What are women supposed wear on stage? It's not as easy as tux or no tux.
There are all these rules. Tea length skirt or longer, nothing sleeveless, minimum 3/4 sleeves. (Heaven forbid we wear something that does not constrict us in playing our instrument.)
The harp adds more challenges - shoes we can pedal in (see previous Pedal Cam blog post), skirts that are so long or pants that are so flowy that they get caught in the pedals, sleeves so long that they muffle harmonics. And my added personal rule - nothing dowdy.
Finding a comfortable garment that meets all of those rules at the same time while remaining sophisticated is almost impossible.

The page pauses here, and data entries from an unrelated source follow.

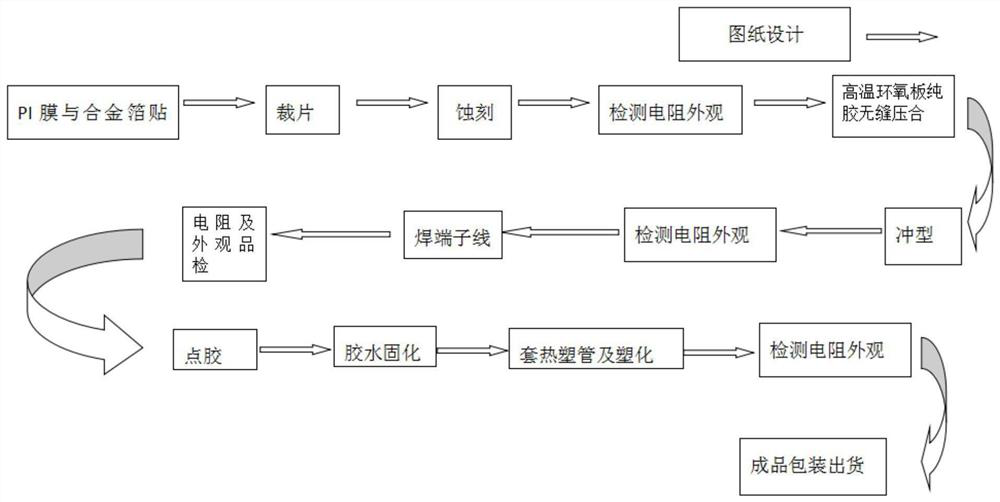 Process flow of a car heater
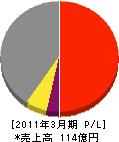 三菱長崎機工 損益計算書 2011年3月期
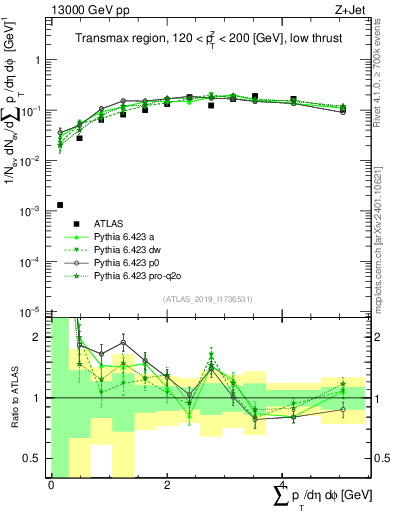 Plot of sumpt in 13000 GeV pp collisions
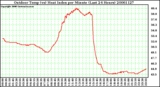 Milwaukee Weather Outdoor Temp (vs) Heat Index per Minute (Last 24 Hours)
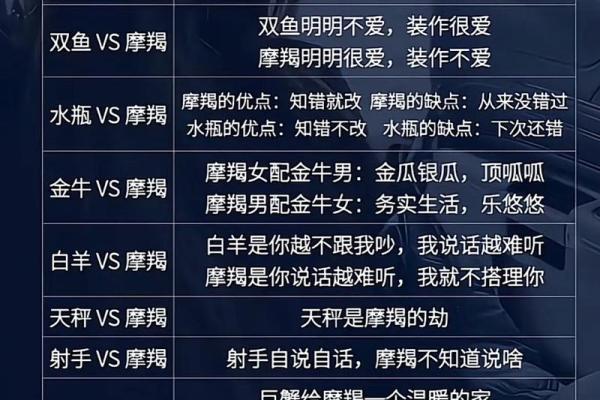 金牛摩羯配对指数 金牛摩羯能否匹配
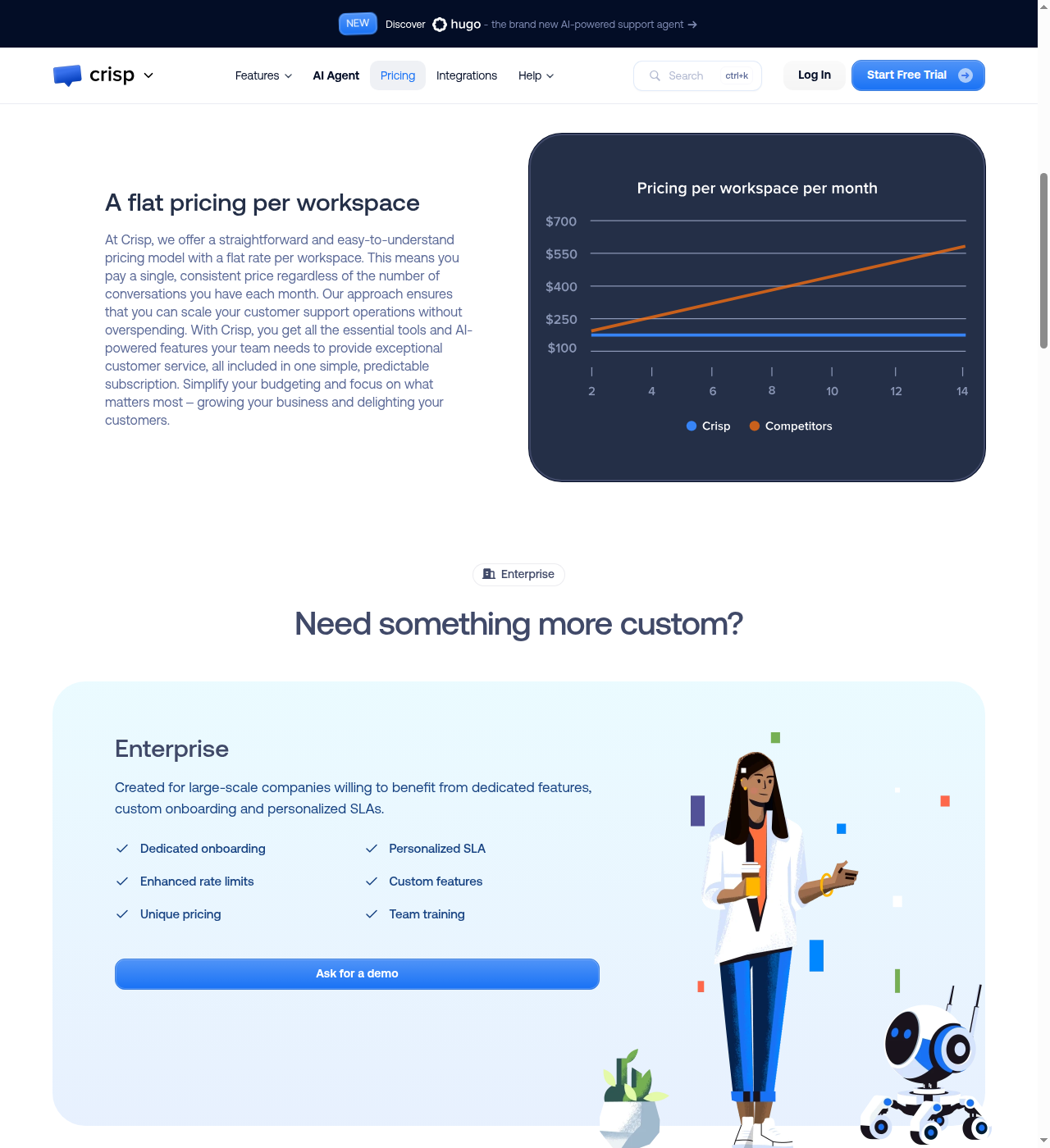 Crisp Enterprise section with no public price and Ask for a demo CTA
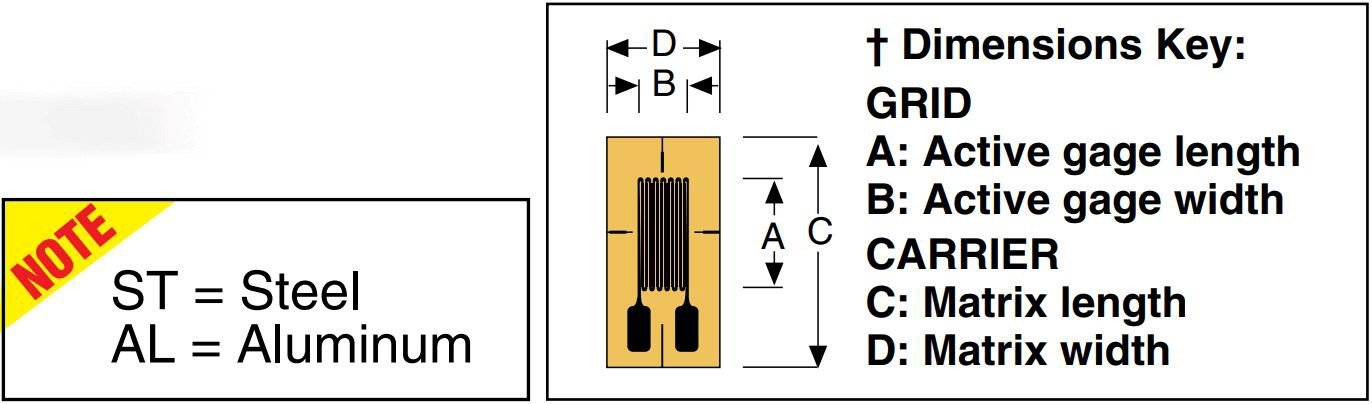 美国OMEGA三轴箔式应变片
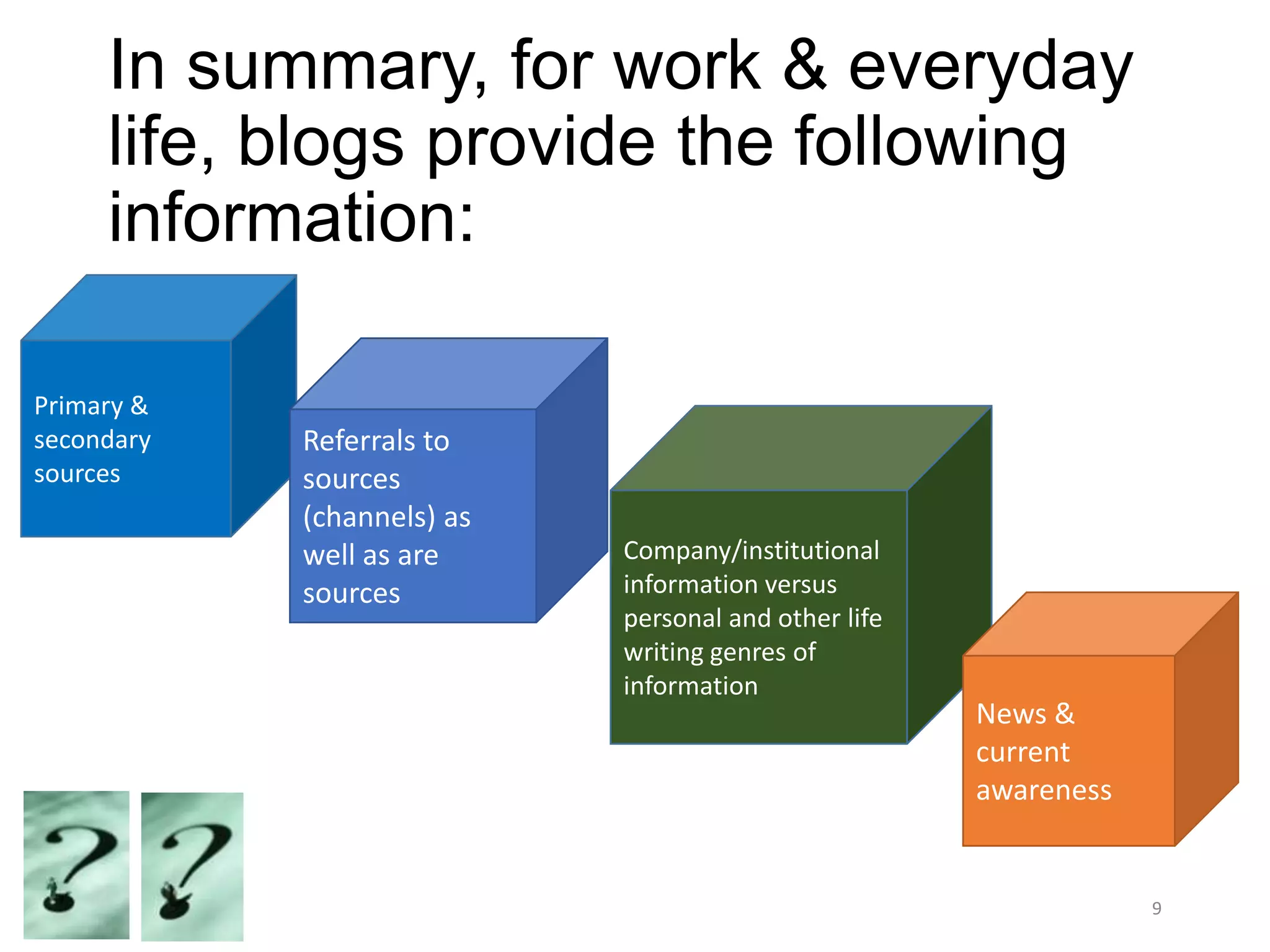 In summary, for work & everyday
     life, blogs provide the following
     information:

Primary &
secondary   Referrals to
sources     sources
            (channels) as
            well as are     Company/institutional
            sources         information versus
                            personal and other life
                            writing genres of
                            information
                                                      News &
                                                      current
                                                      awareness


                                                                  9
 
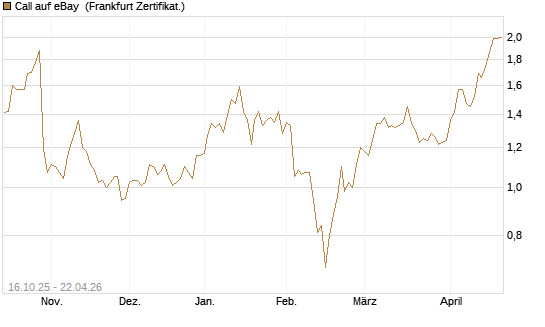 Call auf eBay [BNP Paribas Emissions- und Handelsges.] Chart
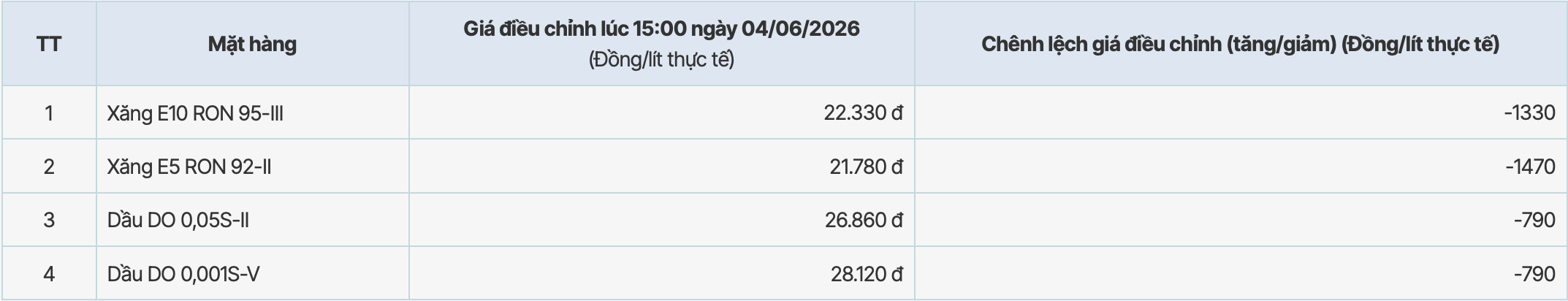 Giá xăng dầu tại hệ thống PVOIL ổn định sau kì điều chỉnh tăng từ 15h ngày 04.06.2026. Bảng: PVOIL 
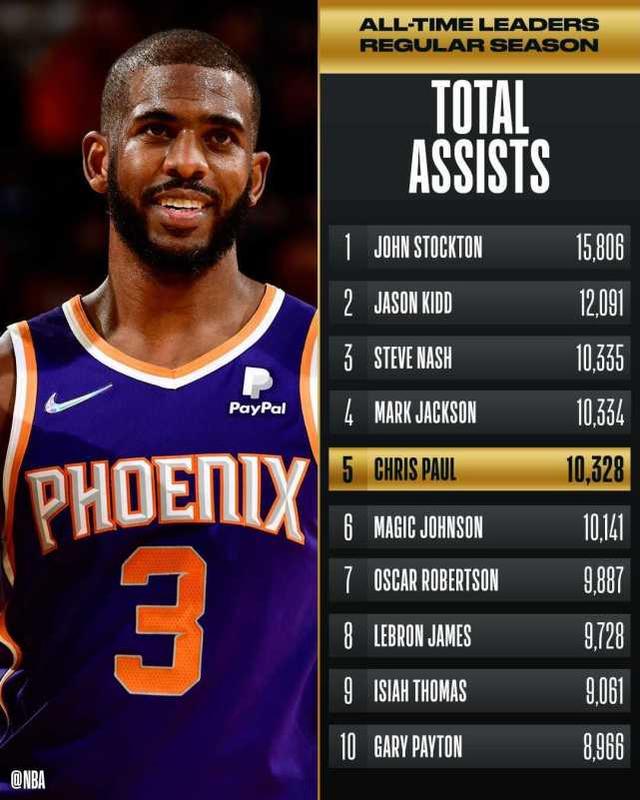 包含集结日CBA季后赛焦点战，阿森纳迎来里程碑，引发热议，轮换策略成焦点的词条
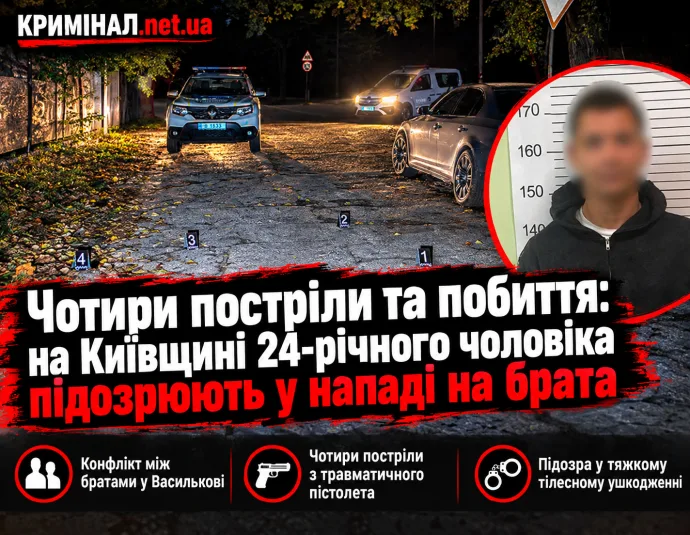 Чотири постріли та побиття: на Київщині 24-річного чоловіка підозрюють у нападі на брата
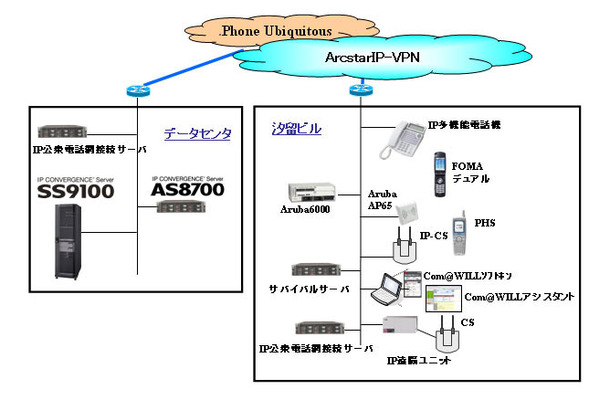 NTT Com向け 企業内IPセントレックスシステム機器構成図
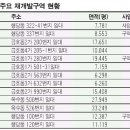 성동구내 재개발지구 '희비' 이미지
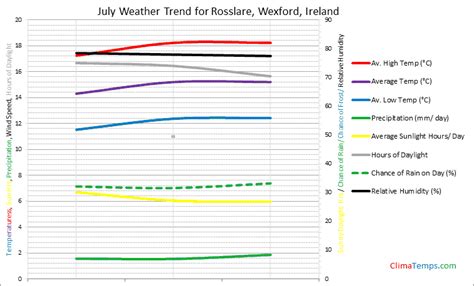 Weather in July in Rosslare, Wexford, Ireland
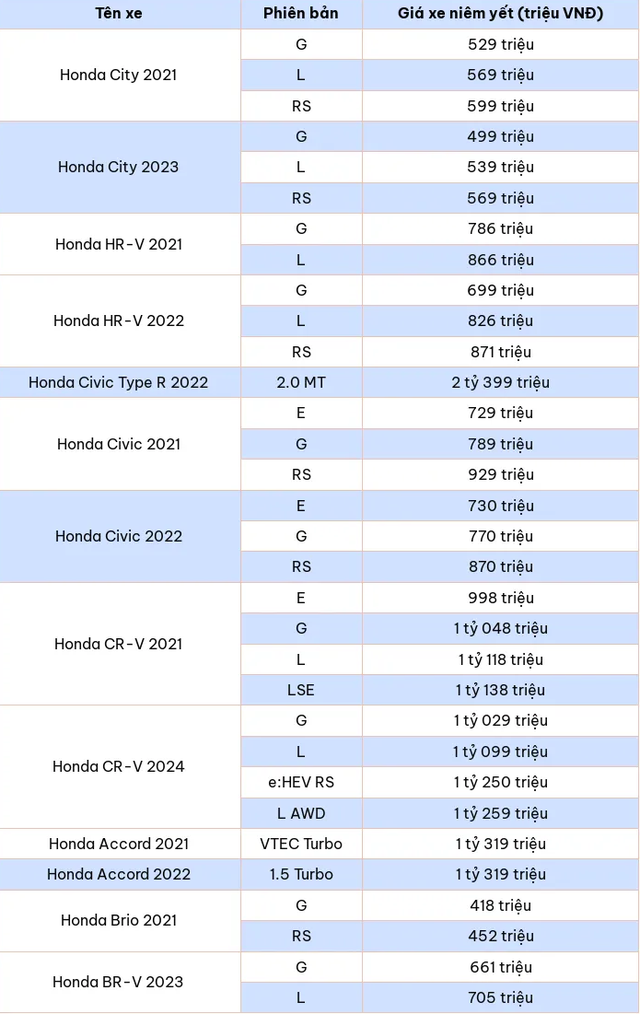 Bảng giá xe ô tô Honda Việt Nam tháng 3/2025: Giảm tới 250 triệu đồng tùy dòng xe- Ảnh 2.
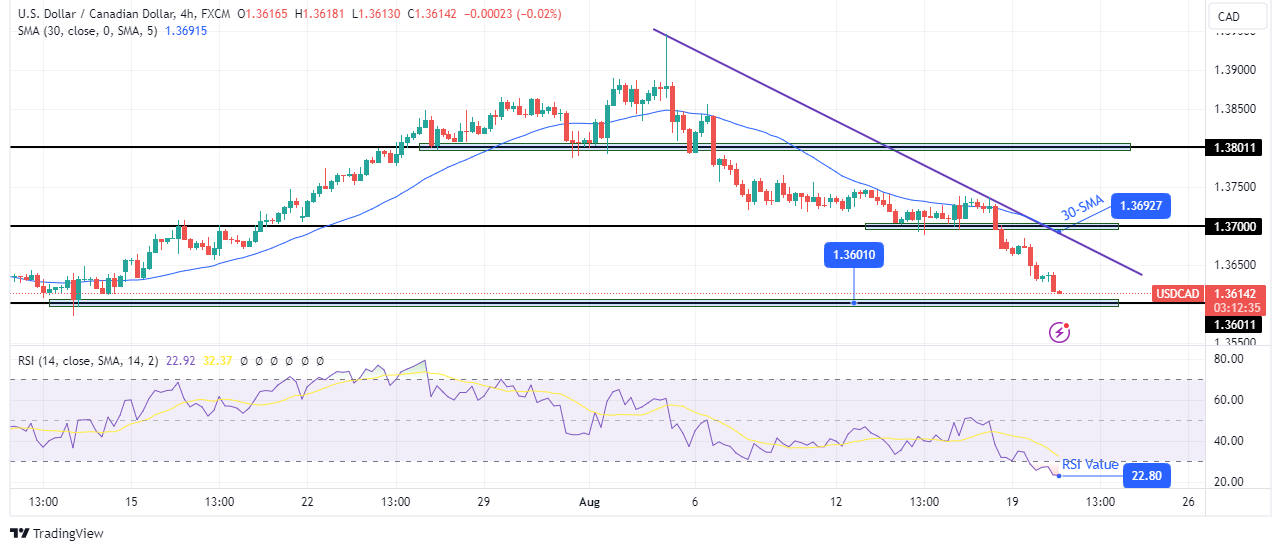 USD/CAD Price Technical Analysis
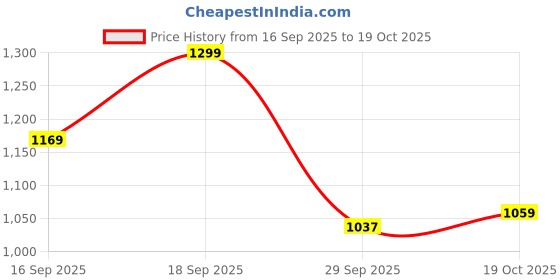 amazon.in peter england Men's Striped Regular Fit T-Shirt peter england Price History Graph from 16 Sep 2025 to 19 Oct 2025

My favorite concert black dress that checks all the boxes I've had for about 14 years. I have yet to find a replacement I like as much to retire it to the back of the closet.
So I get it. I get why I see women on stage in black jeans and a black t-shirt. I will not judge you for that.
But let's face it - women's clothing has never in history been designed for comfort. And while I don't judge you for wearing a t-shirt on stage, I just can't seem to join you. For me, no matter how big or small the performance, the stage is my medium.
All the hours in the practice room culminate in a performance that is seen and heard by you. The performance is the painting, and whether I like it or not, I am the frame. I may not be Monet, but performing is my art and I will only frame it in the best.